• [WHAT TO WORK ON]: Write back, word for word, the lines from the one containing "Antiquarian museum exhibit" to the end of the listing below. Include nothing else, and no pictures.

• [DATA EXTRACT]:
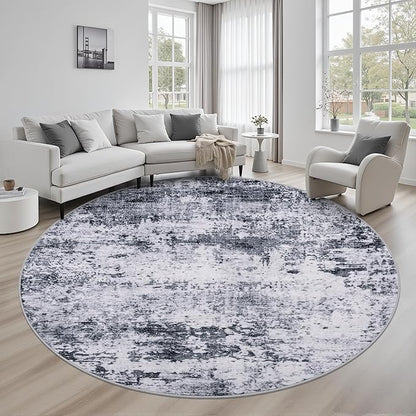 Round Area Rug for Living Room: 8 ft Washable Modern Abstract Soft Thin Rug Indoor Floor No Slip Stain Resistant Carpet for Bedroom Dining Room Farmhouse Nursery Home Office - Grey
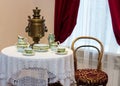 Antiquarian museum exhibit copper wood samovar kettle Royalty Free Stock Photo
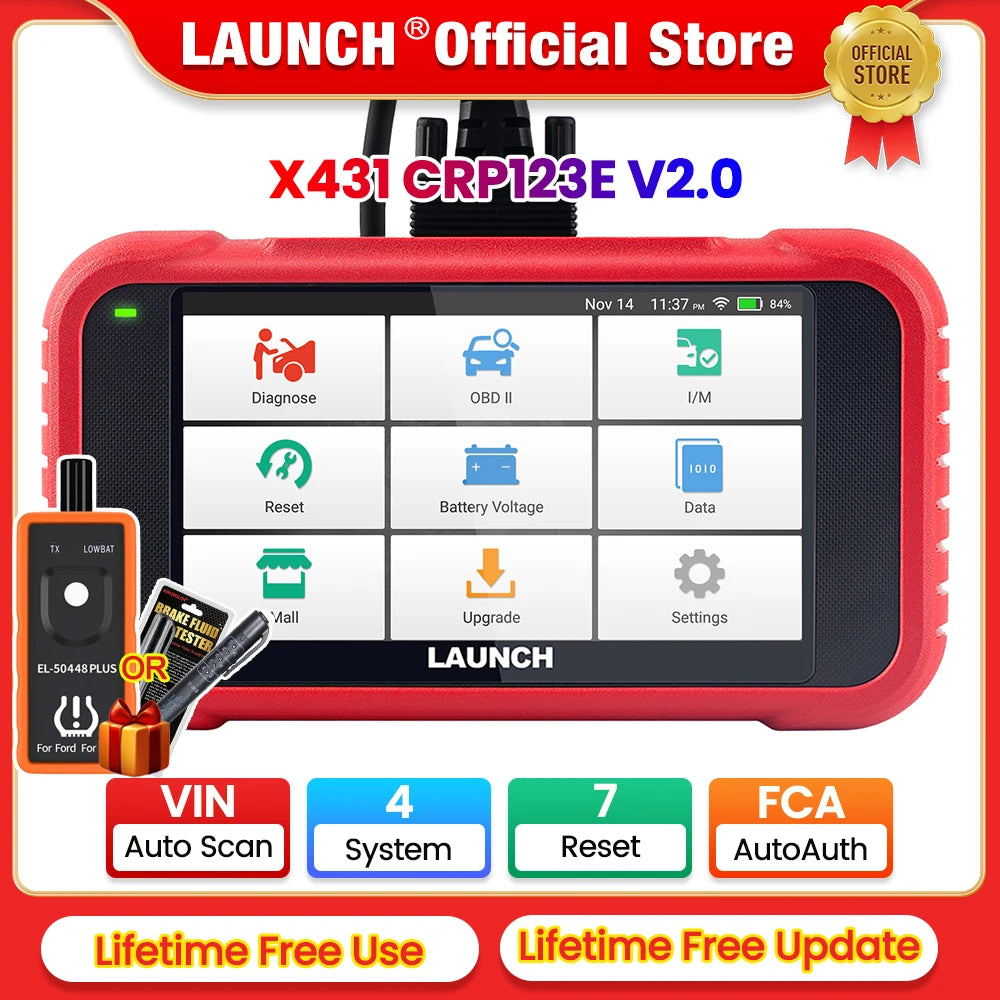2024 New- LAUNCH X431 CRP123E V2.0 Car OBD2 Diagnostic Tools Auto OBD Scanner ABS SRS Engine AT+ 7 Reset Service Free Update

• [RESPONSE BOX]:
 Antiquarian museum exhibit copper wood samovar kettle Royalty Free Stock Photo
2024 New- LAUNCH X431 CRP123E V2.0 Car OBD2 Diagnostic Tools Auto OBD Scanner ABS SRS Engine AT+ 7 Reset Service Free Update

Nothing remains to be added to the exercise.